Funny thing is we've been saying this for literally decades.

------
olivermarks
The irony of Gartner commenting and appraising 'digital ethics' is rather
delicious...a common criticism of the company is that they are market makers
with their business model that both takes money from the companies they
appraise (who often also buy the rights to use the resulting glowing 'reports'
as marketing) and also from people who want to research a market segment.

There are lots of talented, perceptive people at Gartner but their business
model sails very close to the wind ethically.

Gideon Gartner never intended the notorious 'magic quadrant' to be so central
to their offerings but boy has it been a money spinner via marketing buys and
for exec powerpoint cut and paste graph proof points.
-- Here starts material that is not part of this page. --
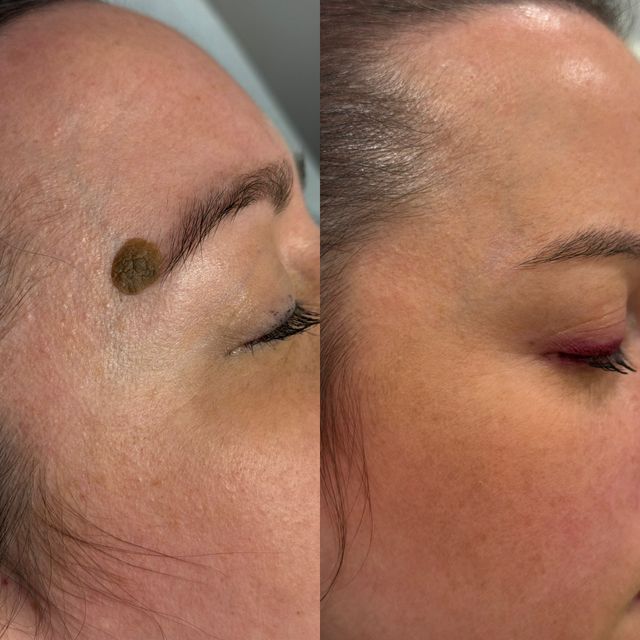 Acercar imagen: Clínica Dermatológica Domper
[https://youtu.be/g7zzl1RM02U](https://youtu.be/g7zzl1RM02U)

------
saberworks
I'm afraid of this because I don't think the execution matches the marketing.
Sites like Ars Technica are wooing users into their subscriptions by promising
that they will not track you and they will not show you ads, but then if you
read their actual privacy policy they state very clearly that they sell their
subscriber list to 3rd parties, including any advertising company that wants
it.

I do own an iphone and I think they're 10x better (or more) than google at
privacy but it's clear that they still do slurp way too much data. I get it,
they're not intentionally selling it to 3rd parties but I'd rather they didn't
take it in the first place. Do they really need to record all my app store
searches? All my "news app" views? Can I please just opt out of that
altogether?

------
Arubis
Does this mean I can include "have had strong opinions on the Internet; 25
years experience" on my résumé now?

While that sounds flippant, I'd actually love to have some input in this area;
it's long been an area of passion for me, but I don't have a law degree. Which
I suspect is true of a lot of people around these parts.

------
binarymax
Make sure you pay the $25k now to get on the upper right of the quadrant.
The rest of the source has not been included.